L'Indonésie envoie des troupes à Gaza malgré les doutes sur sa solidarité palestinienne

L'Indonésie déploie 1 000 soldats à Gaza pour une force de stabilisation américaine, malgré les critiques internes sur le manque de supervision onusienne et les risques pour sa solidarité palestinienne. Des officiels promettent des mandats clairs, mais des doutes persistent sur la légalité de la mission.

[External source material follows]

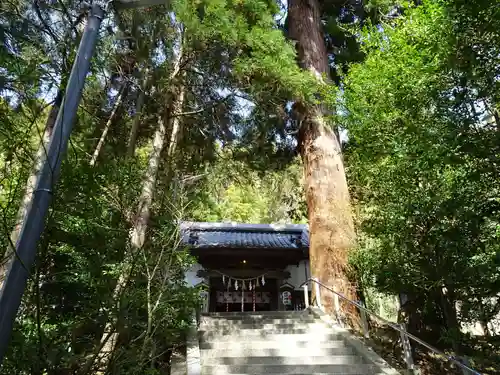 田間神社の本殿・本堂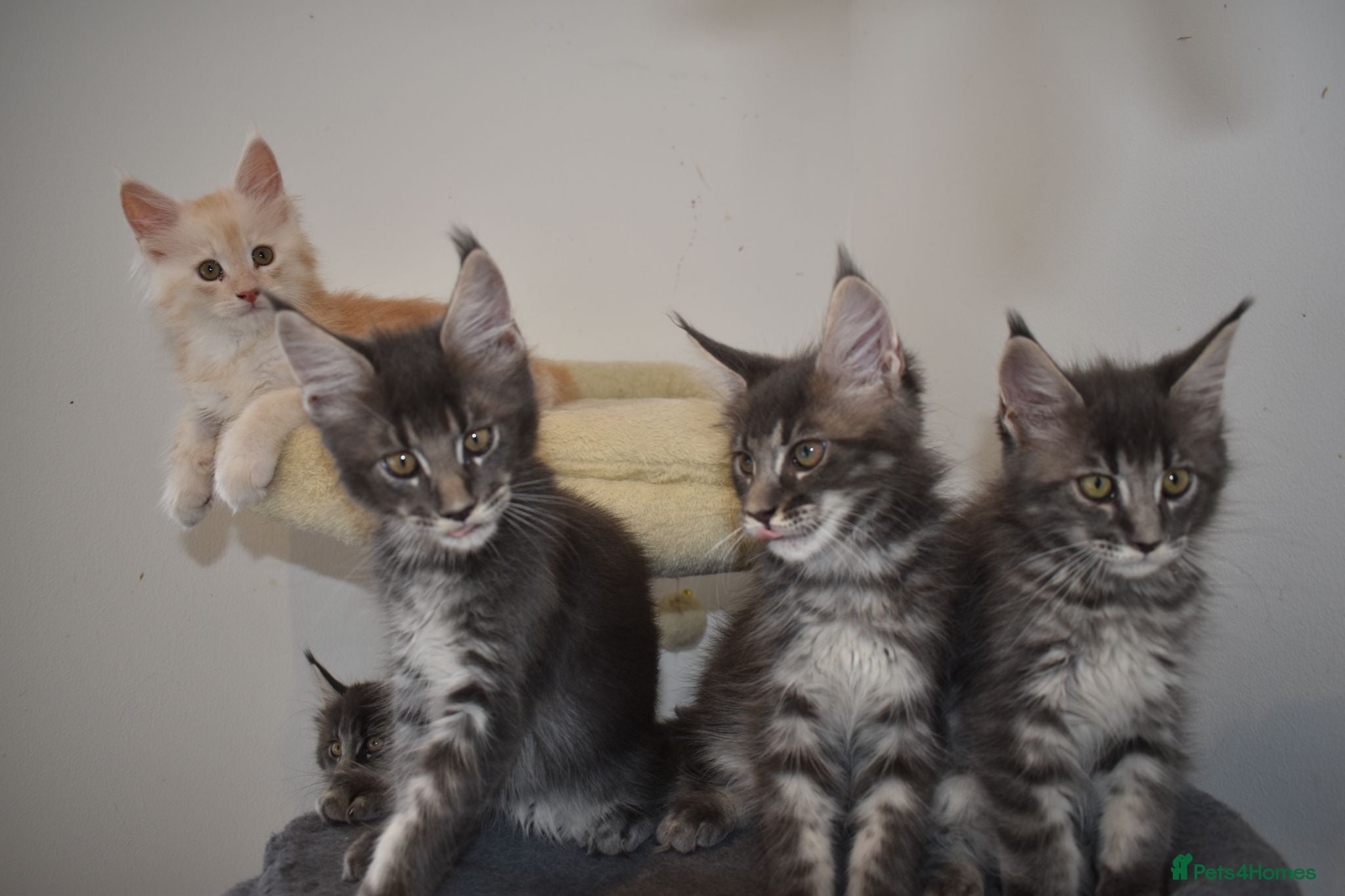 Maine Coon cats Amazing TICA registered kittens - Advert 3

Prabowo Subianto, président indonésien, prépare l'envoi de 1 000 soldats à Gaza dans les prochaines semaines, première vague d'un contingent de 8 000 hommes promis pour une Force internationale de stabilisation (ISF) sous l'égide du Board of Peace dirigé par le président américain Donald Trump. Le porte-parole de l'armée indonésienne, le brigadier général Donny Pramono, a indiqué que ces premiers soldats arriveront sur place en avril, la majorité étant attendue d'ici juin. Cette décision suscite des interrogations en Indonésie sur le rôle exact de ses forces dans l'enclave palestinienne. L'Indonésie participe traditionnellement à des missions de maintien de la paix sous mandat des Nations unies, mais ce déploiement se fait hors cadre onusien, ce qui alimente les craintes. Des critiques craignent que les troupes ne servent de « pions » aux États-Unis, principal allié d'Israël, pour contrôler les Palestiniens et consolider l'occupation de Gaza au milieu de la guerre en cours. Lors d'une réunion inaugurale du Board of Peace à Washington, Prabowo Subianto s'est engagé aux côtés de Donald Trump, et Jakarta a accepté le poste de commandant adjoint de l'ISF, annoncé par le général Jas. Le ministre indonésien des Affaires étrangères, Sugiono, assure que cette position de leadership renforce la contribution de son pays et protège le bien-être des soldats grâce à des normes internationales établies. Il promet de pousser pour des mandats clairs et des règles d'engagement précises, sans lien avec une normalisation diplomatique avec Israël. Cependant, l'absence de résolution du Conseil de sécurité de l'ONU soulève des questions sur le mandat contraignant de la mission et les protections légales en cas de reprise des hostilités. Des analystes estiment que Prabowo Subianto pourrait condamner tout dérapage opérationnel sans se retirer complètement du Board of Peace, dans une optique d'image favorable auprès des grandes puissances.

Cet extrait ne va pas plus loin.